Cloudy afternoon waving at the Stawamus Chief–lovely spot and deep time
My friend Jessica and I skipped out from the Geological Society of America meeting in Vancouver last weekend to go visit the Stawamus Chief –a gigantic granite monolith near the town of Squamish. What a lovely place –and what a great respite from the craziness of a big meeting in a big city!
I don’t want to repeat myself too much, because I wrote about this in an earlier post–but just the fact that granite is exposed at the surface requires deep time –inconceivably great lengths of time. That’s because granite forms from a molten state by slow cooling and crystallizing far beneath Earth’s surface –10 km or more usually –and THAT means the rock had to get uplifted and exposed at Earth’s surface through processes that we humans perceive as time-consuming–on the order of millions of years.
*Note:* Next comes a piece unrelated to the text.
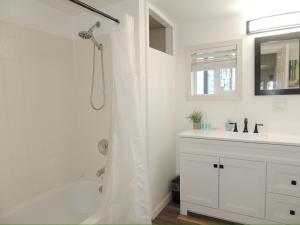 Koupelna v ubytování Maplewood Mid-Term Pet Friendly Home + 22 fotografií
Additionally, all the rock that used to be above the granite had to get eroded away in the process.
And Shannon Falls is right there too–Amazing! It sprays about 1000′ down a series of cliffs–and allows a good, up-close look at the granite. It’s actually granodiorite –which is a lot like granite except that it contains a lot more plagioclase, as opposed to alkali, feldspar.
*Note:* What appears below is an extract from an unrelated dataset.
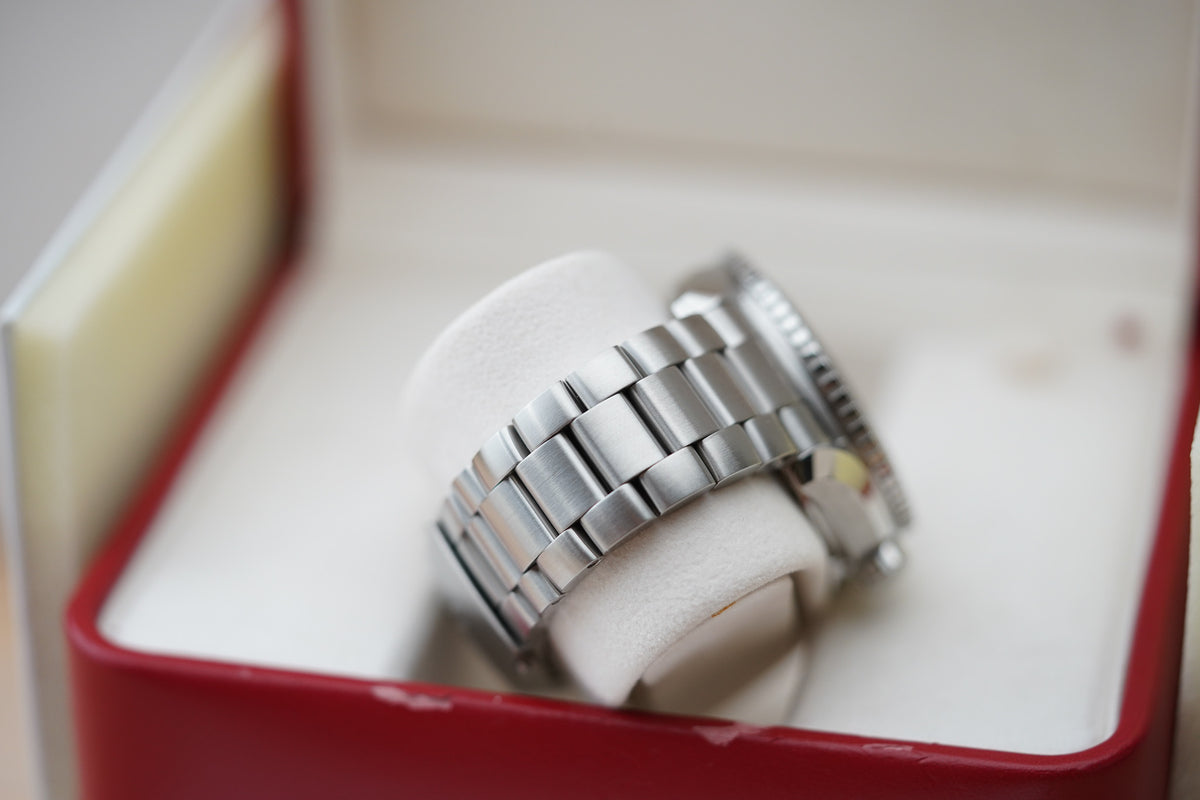Omega Seamaster Planet Ocean 600M 232.30.46.21.01.001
So… the granite speaks to great amounts of time… and the waterfall–it speaks to the changing landscape. It falls down scoured and smoothed cliffs because the whole area has been shaped by glacial erosion. Not long ago, this area was under ice! (Longer though, than the beginning of planet Earth according to the Young Earthers). You can see some wonderful glacial polish and striations on fluted granite along the highway between the Chief and the town of Squamish.